Reliable Communication Through a Noisy Channel
April 15, 2026
- Post status: quick throwback through my ancient infotheory lecture notes
- In plain words: David MacKay taught me about thinking
- Writing style: curated course moments
In brief Always write out the probability of everything. Lecture 6. The one idea I think about most.
I. The most remarkable piece of mathematics of the last century through examples
Design a disk drive & make the first thousand customers happy with 99% probability over five years. Work it out: you need a bit error rate around \(10^{-15}\) Learn to add redundancy in a cunning way. (@22m26s, Lecture 1)
For any channel, at any rate below capacity, with arbitrarily low probability of error, this is possible. Shannon’s noisy channel coding theorem.
The ball-weighing problem. Take 12 balls, one heavier. You get 3 weighings. Pick the first grouping: the one that maximises entropy over outcomes — the experiment whose results would surprise you most uniformly. Not 6v6 (1 bit). Not 5v5 (1.48 bits). Go 4v4 (1.58 bits). Always pick the question that most evenly splits your uncertainty. (@24m13s, Lecture 2)
The identical twins. Accept that all compression algorithms assume an identical twin on the other side who would make the same guesses as yourself. Encoder and decoder share a model. Without that, communication is impossible. (@29m32s, Lecture 5)
Perfectly compressed looks random. Build an optimal symbol code for a skewed distribution & ask: what’s the probability of a random bit being 1? Intuition says 1/3. Wrong — it’s 1/2. If it weren’t, compress further. Perfect compression erases all visible structure. (@7m57s, Lecture 6)
The card trick. Try Monty Hall with cards (BW, WW, BB). Watch intuitions fail. The remedy: always write out the probability of everything. Enumerate the joint. Condition. Don’t shortcut. (@34m5s, Lecture 6)
The explicit \(I\) Add a term \(I\) to every probability expression — \(\mathbb{P}(x \mid H, I)\)— for “any other assumptions we’re making.” Most people leave this implicit. Don’t. Reason about the hypothesis space; name the assumptions that define it. (@50m15s, Lecture 10)
Learning as inference. Write the posterior of neural network weights:
\[\Pr(W \mid \mathcal{D}, H) = \frac{\exp(-M(W))}{Z}\]“If somebody minimises a value, I will take the inverse and interpret it as a probability.” Recognise that optimisation is inference & training is communication. (@1h1m37s, Lecture 15)

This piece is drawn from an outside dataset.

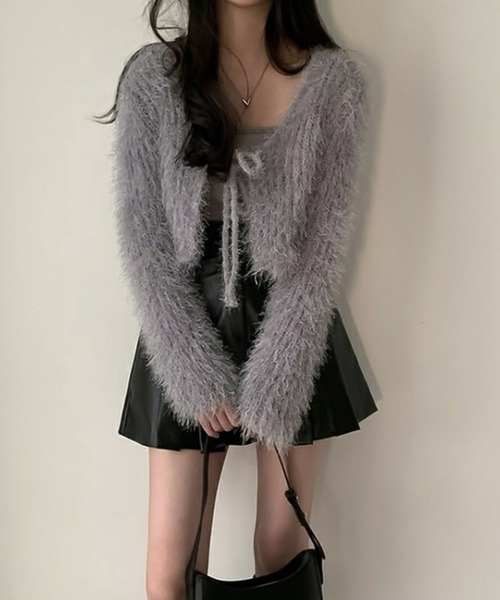 「Ulysses」 「DouDou」ニットカーディガン F ホワイト レディース_画像8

II. One Idea: think in terms of the hypothesis space
Bayesian thinking as a habit of mind.
- Entropy asks: how spread out is the space?
- Compression asks: how small is the typical set?
- Channel coding asks: how many non-overlapping regions fit?
- Inference asks: what does the posterior over the space look like?
All the same question in a different trench-coat: what is the structure of the hypothesis space, and how do I navigate it?
From my original notes of Lecture 4:
The claim Shannon is making is “the more probable something is, the less information it carries.” It’s a classic case of edge-case analysis in some sense, i.e. if something always happens then I know it will happen. In some sense this is also what modeling and abstraction is trying to tackle in general; find a proper coarse graining at which you are not anymore surprised by some phenomena, or at least you are far less surprised by it.
The job of a model — any model — is to find the level of description where surprise vanishes. Shannon’s information content \((x) = \log \frac{1}{p(x)}\) just makes that precise.
David was a great communicator. His 240p YouTube lectures are lossy, but the signal is not.